Libellé des contrats — Interprétation des clauses relatives aux « efforts » dans les contrats en Common Law
Lors d’une récente tentative de renouvellement de son contrat d’athlète, un pilote de bobsleigh canadien s’est retrouvé sans financement en raison d’un différend sur les termes de son contrat[1]. Les athlètes sont tenus de signer une entente avec leur organisme national de sport (ONS) avant de pouvoir recevoir des fonds fédéraux. Cependant, préoccupé par le libellé des obligations des parties, qui étaient définies comme suit : l’ONS doit faire des « efforts raisonnables pour » et l’athlète doit déployer ses « meilleurs efforts pour », l’athlète a choisi de ne pas signer l’accord, car il trouvait qu’il y avait trop de déséquilibre entre les obligations des parties.
Au fil des ans, les termes « meilleurs efforts » (best efforts), « efforts raisonnables » (reasonable efforts) et, plus récemment, « meilleurs efforts commercialement raisonnables » (commercially reasonable best efforts) fréquemment utilisés en Common Law, ont fait l’objet d’une interprétation judiciaire considérable par les tribunaux canadiens. Bien que l’on puisse présumer que le choix de terme parmi ces différentes déclinaisons est sans conséquence, du point de vue juridique, il existe une différence importante entre la norme applicable à chacun. Alors que le terme « meilleurs efforts » a été interprété de manière assez constante, la norme pour d’autres termes couramment utilisés, comme « efforts raisonnables » ou « meilleurs efforts commercialement raisonnables », a généralement été déterminée par les faits particuliers des cas en l’espèce. En général, les tribunaux ont établi que l’obligation de faire les « meilleurs efforts » impose une norme plus élevée que certaines de ses autres expressions homologues que l’on trouve couramment dans les contrats.

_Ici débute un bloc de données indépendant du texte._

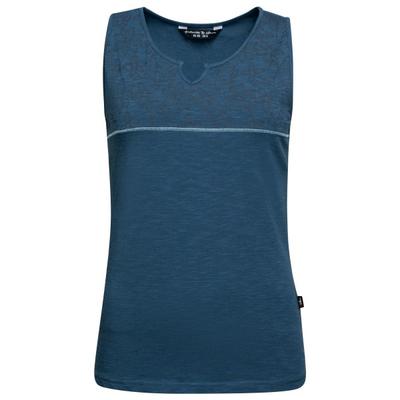 Chillaz - Women's Korfu Top - Top Gr 34 blau Image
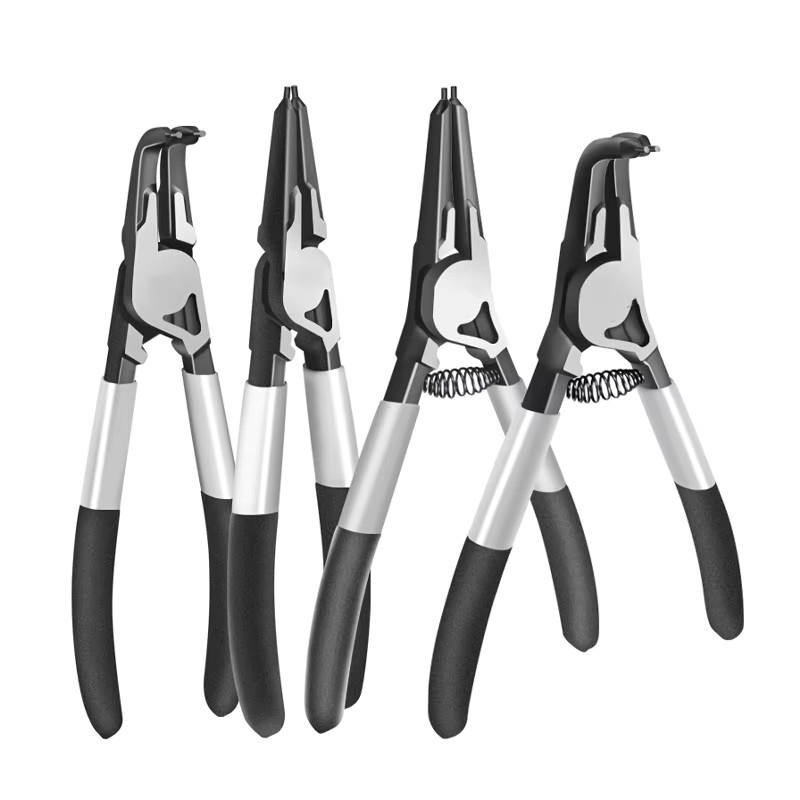 AXE SHAN Multifunktionale Sicherungsringzange für interne und externe Sicherungsringe - Bild 6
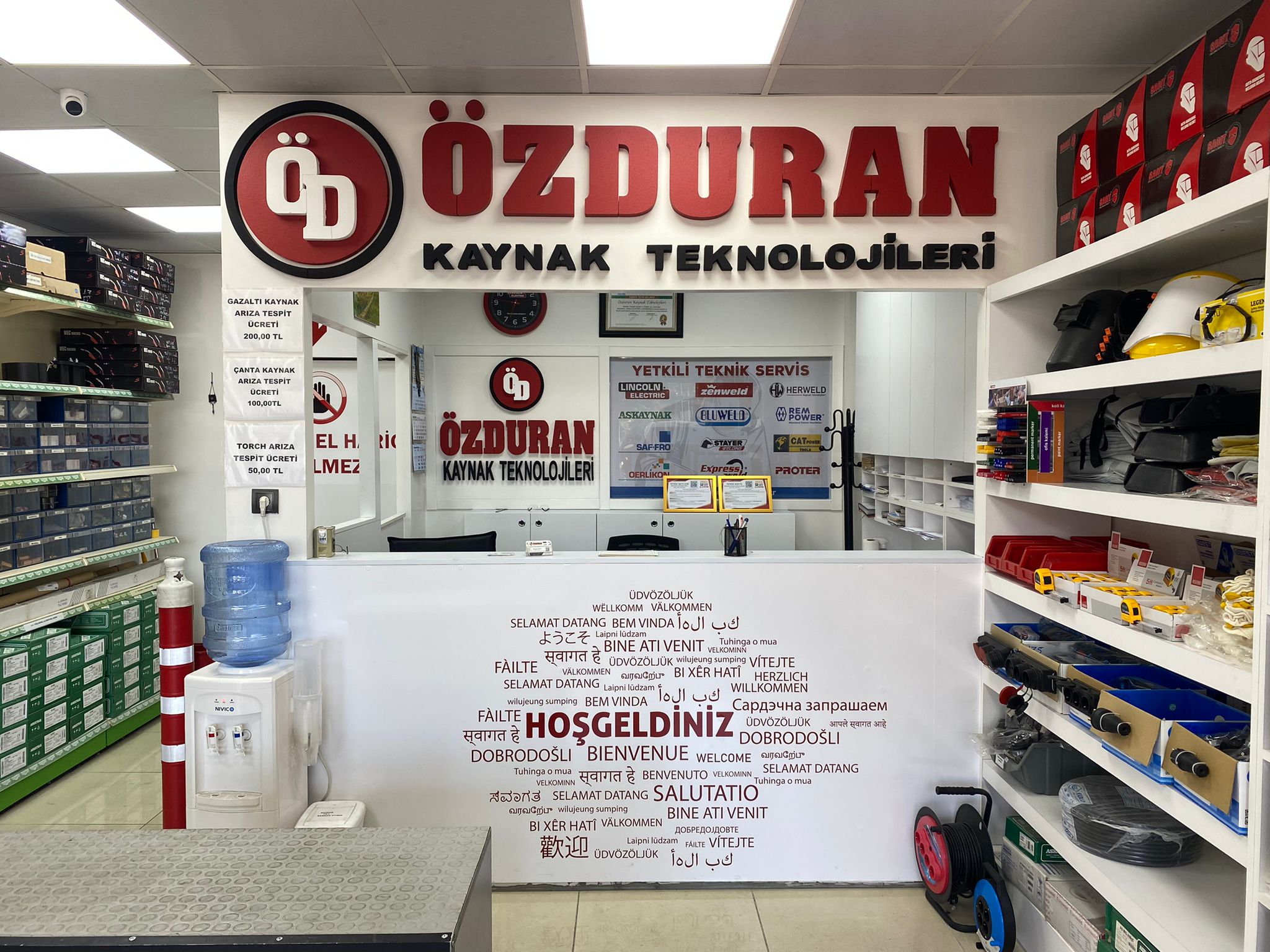 Özduran Kaynak Teknolojileri
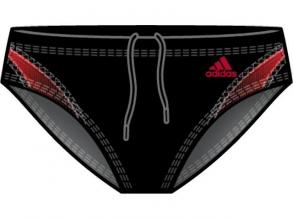 I+ Xtr Tr Adidas férfi úszónadrág fekete/piros 5-ös méretű (EU 34)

Plongeons dans le vif du sujet et voyons comment les tribunaux ont généralement interprété ces termes :
- Les meilleurs efforts
L’arrêt de principe sur l’interprétation de l’expression « meilleurs efforts » est Atmospheric Diving Systems Inc.[2] dans lequel la norme a été décrite comme suit :
- L’expression « meilleurs efforts » impose une obligation plus élevée qu’un « effort raisonnable ».
- L’expression « meilleurs efforts » signifie prendre, de bonne foi, toutes les mesures raisonnables pour atteindre l’objectif, mener le processus jusqu’à sa conclusion logique et ne négliger aucune piste. Toutefois, cela n’exige pas qu’une partie se sacrifie totalement aux intérêts économiques de la partie à laquelle l’obligation est due, bien que les intérêts de l’autre partie doivent avoir préséance[3].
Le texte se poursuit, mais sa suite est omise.